First assignment for “Bible Translation”

Similar to the reel-to-reel tapes I received

In 1984, I started volunteering to help the personnel at the United Bible Societies’ Americas Regional Center when a minicomputer with a word processing system and terminals were installed at the desks of the new office in Miami, FL. The center had moved its personnel, including typewriters, from Mexico City, but the American Bible Society advised them to get a minicomputer and try not only a word processor but also a typesetting system. They needed some training. So I learned how to use the word processor and then trained them, one on one, how to use it for different purposes.

I had learned how to use different mainframes and minicomputers and word processors in my previous jobs. I was currently using an ATEXT terminal, same as the used in newspapers, to develop educational content for Videotext. The ATEX keyboard included a number of innovations which greatly facilitated text entry and editing, like macros that could rapidly correct and change text, as needed.

Videotex was an end-user information system. It delivered information to a user in computer-like format, to be displayed on a television. Videotex provided interactive content and displayed it on a television, using modems to send data in both directions.

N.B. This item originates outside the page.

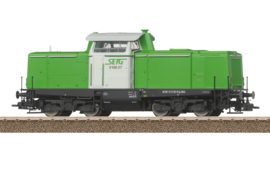 Trix 22795 - SETG, diesellocomotief BR 212 (HO|DCC sound)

Then the Americas Regional Center of United Bible Societies (UBS) opened a new position for a person to train translation teams to use the brand new “portable computers” that they were encouraged to start using to hopefully expedite the time of translation. Some members of UBS encouraged me to apply for the position.

From an economic point of view the salary offered for that position was a third of what I was getting at my job with Knight Reader corporation.

It was not an easy decision for me to decide if I should apply or not, because I needed to bring my parents to live with me. The heart doctor of my father recommended for him to live in Miami because Chile was too high in altitude for his heart to survive.

However, as new Christian, hardly familiar with the Bible, it was a particularly challenging and tempting opportunity. The perspective of learning innovative technologies and its applications to Bible translation was irresistible to me. Looking back now, I know that the Holy Spirit was leading me to live the life God planned for me.

I saw the opportunity as an obvious demonstration of God’s humor. I thought “I would have to become very familiar with the Scriptures.”

So, I gathered all my papers and applied to the position thinking “God will have to provide if I’m selected.”

I understood that two other people had also presented credentials to apply for the position, but I was selected.

One of my first assignments was to find a way to convert translated text that was stored in EBCDIC code on reel-to-reel 9-inch tapes.

EBCDIC, or Extended Binary Coded Decimal Interchange Code, was an 8-bit character encoding system developed by IBM. The code was used in mainframe and midrange computer operating systems. It was created in the 1960s and used for business. The code differs from the more commonly used ASCII encoding in how it assigns binary values to characters.

Nobody could tell me why that method was used to store that text. However after many calls, and some guidance from colleagues in New York and Canada, I found some hints about a place that could convert the text to ASCII code.

ASCII stands for American Standard Code for Information Interchange. It is a character encoding standard used to represent text in computers. It includes 128 characters, consisting of letters, digits, punctuation marks, and control characters.

Finally, I found somebody who could do the conversion in Minnesota, and there I went during the month of February of 1985. It was my first time in Minneapolis–Saint Paul International Airport. I stayed in a hotel and, after I visited the famous overhead walkways in downtown Minneapolis, I rented a car. I was glad I had some practice driving in snow in Chile because it was a very white road to Fergus Falls!

There I met with a member of the Lutheran Brethren who had a typesetting system and had previously dealt with the conversion of EBCDIC to ASCII.

He asked me to stay with his daughter and her husband at their farm near Fargo. I stayed with them for a day or two, learning how to protect windows with plastic from the cold in that area. Her husband kept an apiary at the farm. An apiary is a location where beehives of honey bees are kept. He told me that he had taken the beehives on a truck to a place in Florida to spend the winter and he will transport them back to their farm during the summer. They also planted brown rice. I ate very good honey when we had meals.

I went back to Miami with floppy disks with the content of the reel-to-reel 9-inche tapes converted to ASCII and a bag of brow rice and small jar of honey!